Artists did not have this new playground for fans to show their love and passion ten years ago. Not only to connect with us but to express themselves. By express I do not mean having a Twitter account but more to share their music. Before the internet the path was well known: studio, release, promotion and concerts. Today you can do whatever you want. The internet could also be their playground and allow us to find some secret surprising pearls, like your favorite band playing acoustic in Paris on a tour bus. I wish more artists would be truly jumping into the digital era and using it to experiment. I do not want to see what could have been done 15 years ago just translated to digital form. I want the singers and bands we love not only to “use” the internet because they have to but because they want to. Like us, it will give them a new space of expression and an infinite platform to exchange and connect with us through their art. I have this dream to see Daft Punk make a cover of Liztomania. Yes, why not? The artists of the digital era do not have to stay in an ivory tower to get our respect. They just have to deserve it by being freakily awesome and genuine. Do not go on the internet if you do not like it. I enjoy having access to more interviews, articles, and videos because of the internet, but it was already the case 10 years ago. If you want to exchange or imagine with us even more, do not hesitate. I love what Kelli Anderson, artist and designer, said during a Creative Mornings New York:

“The Web is a really fertile ground for experimentation because it is rapidly becoming the format that we spend most of the time staring at”.

We do not have the monopoly of finding inspiration there.

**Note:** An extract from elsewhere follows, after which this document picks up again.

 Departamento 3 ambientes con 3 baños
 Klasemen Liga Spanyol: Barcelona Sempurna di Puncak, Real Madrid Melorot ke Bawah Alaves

Everybody, famous artists included, can as well. If this playground can also allows us to discover the stars of tomorrow. Not by jury on The Voice, but again by acknowledged artists supporting the ones who deserve it on the platform we belong to and can interact with.

I love this statement from Tom Peters : “Leaders don’t create followers, they create more leaders.”

Daft Punk or Phoenix have already done a great job by inspiring more passionate amateurs to be vulnerable enough to offer their own vision and unique talent in a song. But the real empowerment will be to see some of the good ones become the object of our affection.

The internet changed our relationship to artists, especially musicians. What about the opposite? Leaders of the 21th century will have a lot in common with artists affirms John Maeda. Fitting with the digital shift, artists collaborate, know how to communicate and learn how to learn together according to John:

Whether they explicitly acknowledge themselves as leaders or not, artists often move others to follow them(…) They do it through the skills that are inherent in their work as professional “inspirers” and provocateurs.”

Daft Punk’s recent collaborator, Pharrell Williams is a perfect illustration of the artist as a new leadership figure in the digital area, experimenting and highlighting creators he believes in with his specific vision and skills while inspiring people to cultivate their uniqueness to impact society. I can not wait to see more artists being force of change.